In many ways, this reliance on the SEC to value consumer data makes a lot of sense. A number of the big, publicly-traded tech companies already generate metrics and reports about how much their consumers are worth, and some of that data is already publicly communicated to shareholders and investors. For example, Facebook reports on “average revenue per user.” The more users that Facebook has each quarter, and the more that Facebook can share the data of those users with third-party advertisers, the more money it can make. Right now, Facebook says that that the average revenue per user is $6.42 per year. That might not sound like a lot of money, but when you multiply it by 1 billion users worldwide, you can start to see why Facebook cranks out so much profit each year. As Sen. Warner noted, “You are paying with your data instead of your wallet.”

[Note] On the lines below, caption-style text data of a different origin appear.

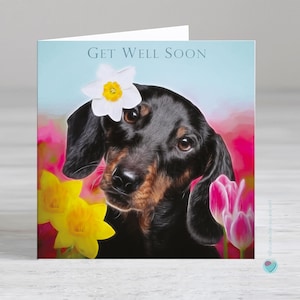 Carte de rétablissement - carte de rétablissement du chien - carte envoyée ou envoyée par un amoureux des chiens teckel - Possibilité d'ajouter un message personnalisé imprimé ou un verset à l'intérieur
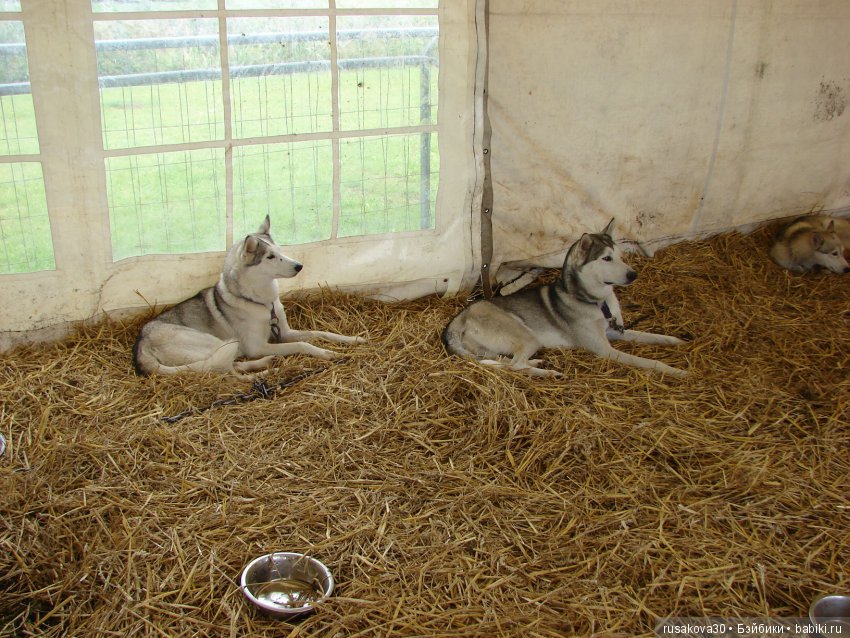 Как Машки на выставку животных ходили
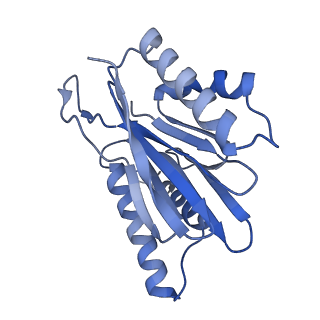 10586_6tu3_Y_v1-0
Rat 20S proteasome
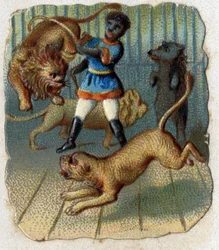 Circus: a tamer in a cage with wild animals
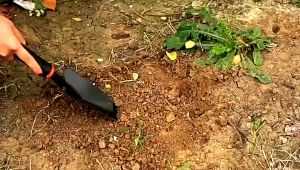Makute Shovel Rake Hoe Planting Tool Set for Garden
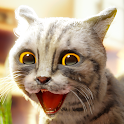 Icon Cat Simulator 2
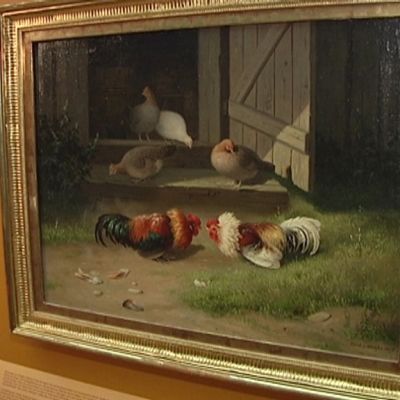 Ferdinand von Wrightin Tappelevat kukot vuodelta 1872.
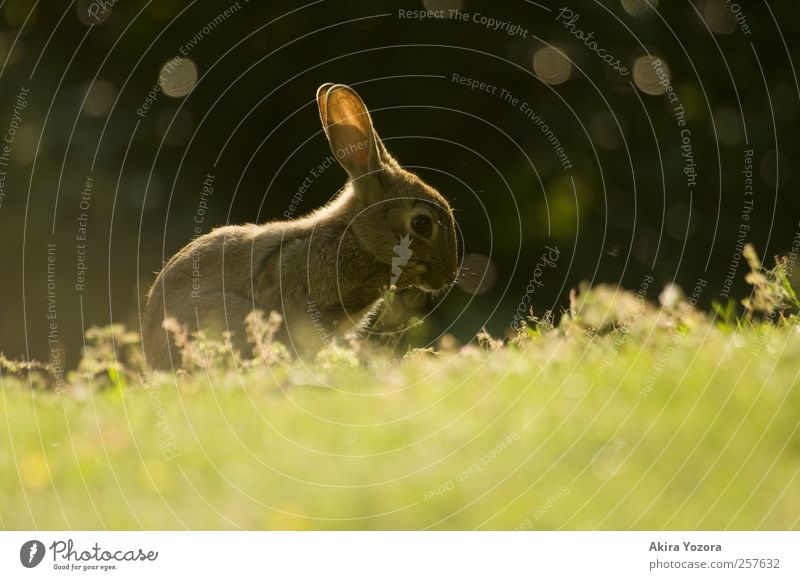 [100] Huch!? Natur Frühling Sommer Schönes Wetter Gras Sträucher Park Wiese Tier Wildtier Hase & Kaninchen glänzend hocken leuchten sitzen authentisch frei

The challenges of data monetization
The problem with the DASHBOARD Act, of course, is that there is no universally agreed way to value data. Data monetization is still very much a “black box” in which a lot of variables and inputs go into figuring out the total value of the data. A lot depends on context, and how valuable the data is perceived to be to advertisers. Presumably, a young, single, affluent user with plenty of disposable income who is “friends” with a lot of brands on social media would be a lot more attractive to a typical advertiser (e.g. a big auto company) than users in other demographic or psychographic groups.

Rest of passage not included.